If I have a site which sends visitors to index.php/uk or index.php/us depending on geo-location, what will the search engine spiders spider?


How do the spiders know about geo-locations?


I’d prefer to have a single index page, but have some php to change offers depending on location, though I understand this needs geo-ip databases and stuff. Does anyone have an easier way?
 


If I have a site which sends visitors to index.php/uk or index.php/us depending on geo-location, what will the search engine spiders spider?
If this is server-side geolocation (I'm not sure if you can do client side at all, but I included that caveat nonetheless) then the content the spider sees will be dependent on where it is deemed to be from - if the spider's IP address suggests it's in the US then it will go to the index.php/us page, if UK then index.php/uk (or whatever).

How do the spiders know about geo-locations?

They don't.
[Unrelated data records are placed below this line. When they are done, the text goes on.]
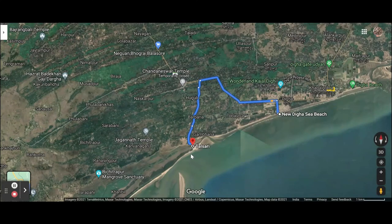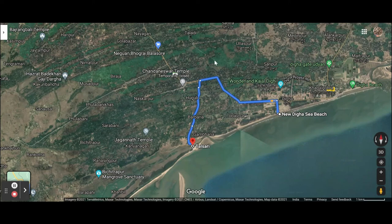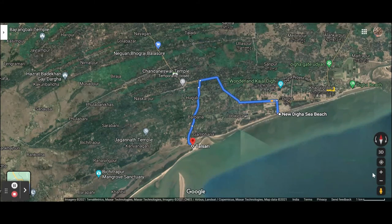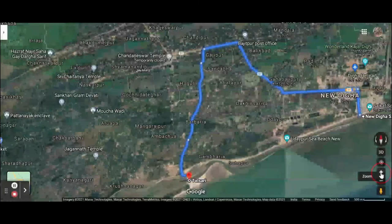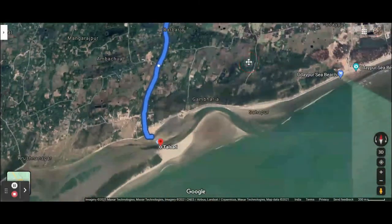This is the exact map location of Odissar's Sea Beach, and this is West Bangalore's border, total 8 km. This is the exact map location of Odissar's Sea Beach.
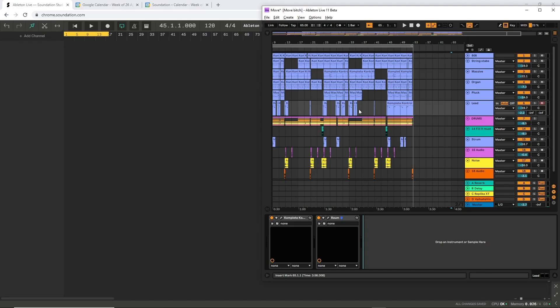So I'm going to show you how to move files from Ableton Live into Soundation with both audio and MIDI.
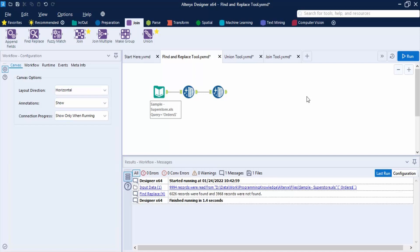Hello everyone, welcome back to the Alteryx tutorials. In this video we are going to talk about very important tools that are present in the Join tab of the Alteryx tool. These tools are the Find and Replace tool. As the name suggests, they help you to find values and if you want to replace your found value with any other value, this tool is used for that.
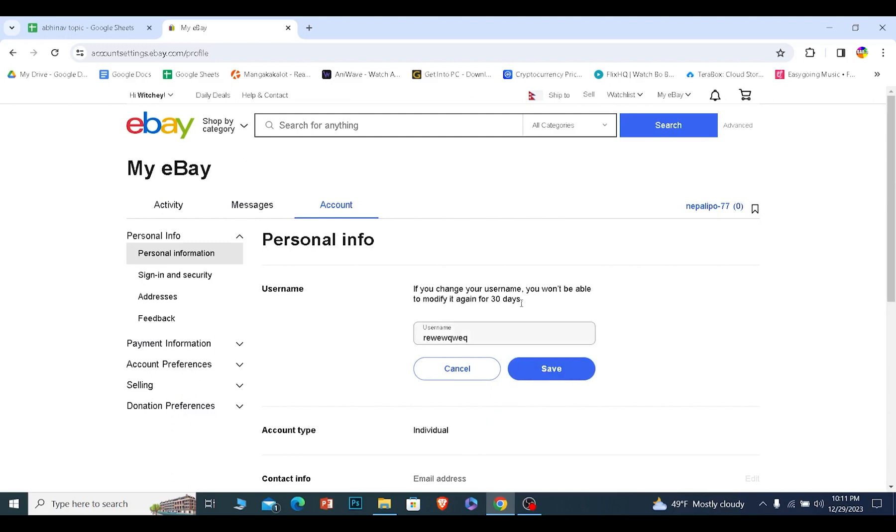Now remember, if you change your username, you cannot change it for the next 30 days. So if you're okay with that, click and save. Your new username will be set, that means your new store name will be set.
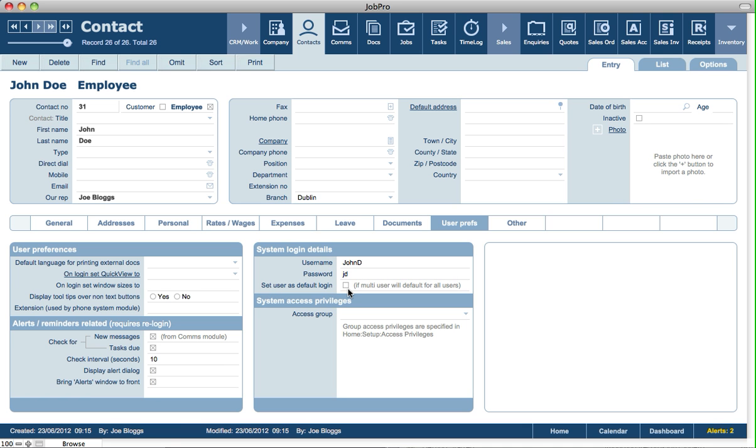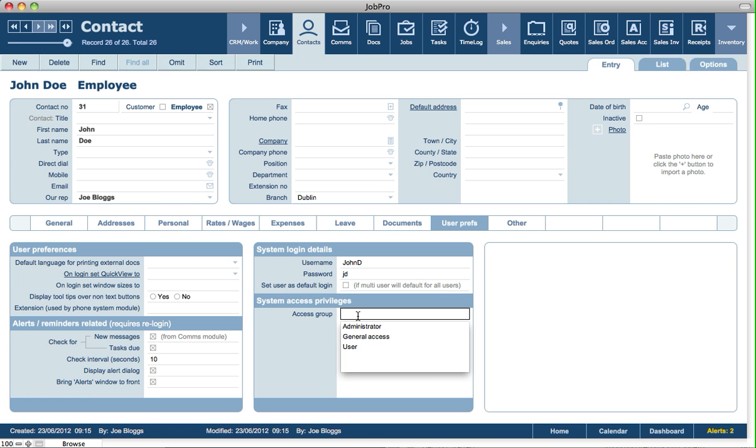To set users default login is ideal for a single user so that every time they log in to JobPro, their username will appear on the login dialog box and they don't have to type it in every time. You'll also need to set an access group for each employee to log in.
They simply spider the content that is served to them - the geolocation bit is done on the server before Mr. Spider sees anything.
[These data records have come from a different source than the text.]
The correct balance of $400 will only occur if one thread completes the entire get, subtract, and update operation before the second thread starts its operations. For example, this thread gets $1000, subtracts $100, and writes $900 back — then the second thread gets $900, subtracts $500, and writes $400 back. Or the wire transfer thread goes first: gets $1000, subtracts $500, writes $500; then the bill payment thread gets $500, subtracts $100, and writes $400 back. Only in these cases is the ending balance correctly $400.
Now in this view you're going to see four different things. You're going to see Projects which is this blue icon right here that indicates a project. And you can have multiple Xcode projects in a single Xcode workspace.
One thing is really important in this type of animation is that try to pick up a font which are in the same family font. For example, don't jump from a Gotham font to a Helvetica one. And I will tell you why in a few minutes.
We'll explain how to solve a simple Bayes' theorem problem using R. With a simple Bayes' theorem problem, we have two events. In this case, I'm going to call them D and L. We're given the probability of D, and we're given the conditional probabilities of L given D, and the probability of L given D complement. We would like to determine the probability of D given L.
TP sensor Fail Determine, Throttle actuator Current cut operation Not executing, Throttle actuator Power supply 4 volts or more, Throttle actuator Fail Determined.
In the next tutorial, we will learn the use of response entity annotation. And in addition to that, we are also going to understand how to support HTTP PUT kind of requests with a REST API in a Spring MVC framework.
I’d prefer to have a single index page, but have some php to change offers depending on location, though I understand this needs geo-ip databases and stuff. Does anyone have an easier way?
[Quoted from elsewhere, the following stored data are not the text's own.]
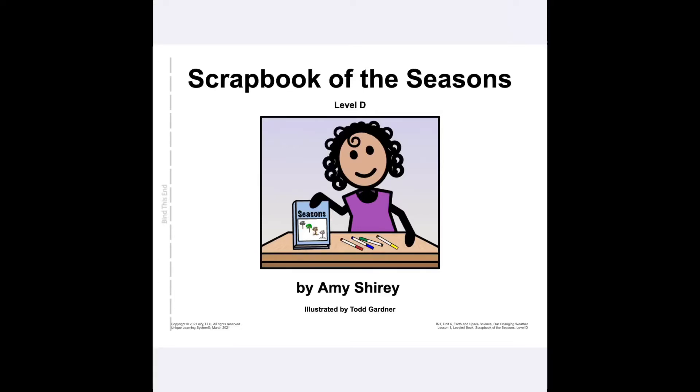Scrapbook of the Seasons, Level D, by Amy Shirley, illustrated by Todd Gardner.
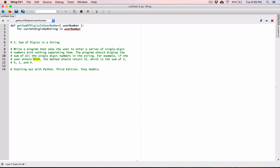When you write your loop this way, it's going to iterate through every single character. The first time this loop iterates, it's going to assign '2' to current_digit_as_string — and it will be a string, not a number. The next time it iterates, it's going to assign '5' to current_digit_as_string. That's why I'm naming it this way — it will be a string, and if we want to add them all up, we need to convert it.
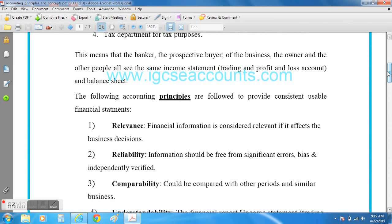Accountants need to construct a set of final accounts. The income statement tells users whether the business has made a profit or a loss during the financial year. The other final account is the balance sheet, which looks at what the company owns — such as land and buildings — and where the money came from to pay for those assets.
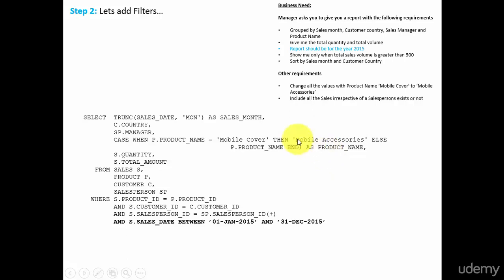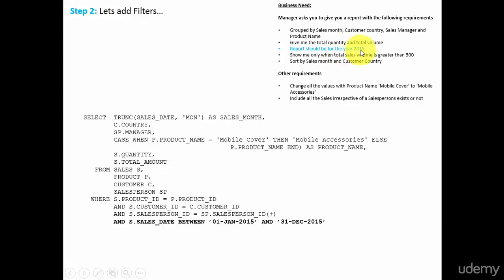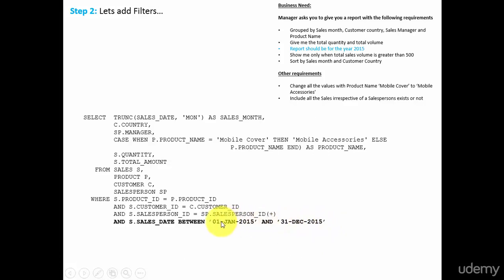In this session, let's perform step 2, which is adding filters. What is the business need for us? The report should be for the year 2015. That means we need to get all the sales which happened between 1st January 2015 and 31st December 2015. That's our filter.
I don't know of one. If you want to resolve IP address to location then you're going to need some kind of database or way of 'calculating' the location. You might be able to parse the referrer string and drag out the 'version' of Google that was used to make a search but this is about as useful and reliable as a chocolate teapot.
 
hmmm that's pretty much what I thought.

I'll look into the geo-ip stuff.

Databases and the like seemed to be a bit long winded to serve content to different geo-locations.

I'm sure once it's been setup once, it's easy to re-use the code.

Anyway thanks for your help.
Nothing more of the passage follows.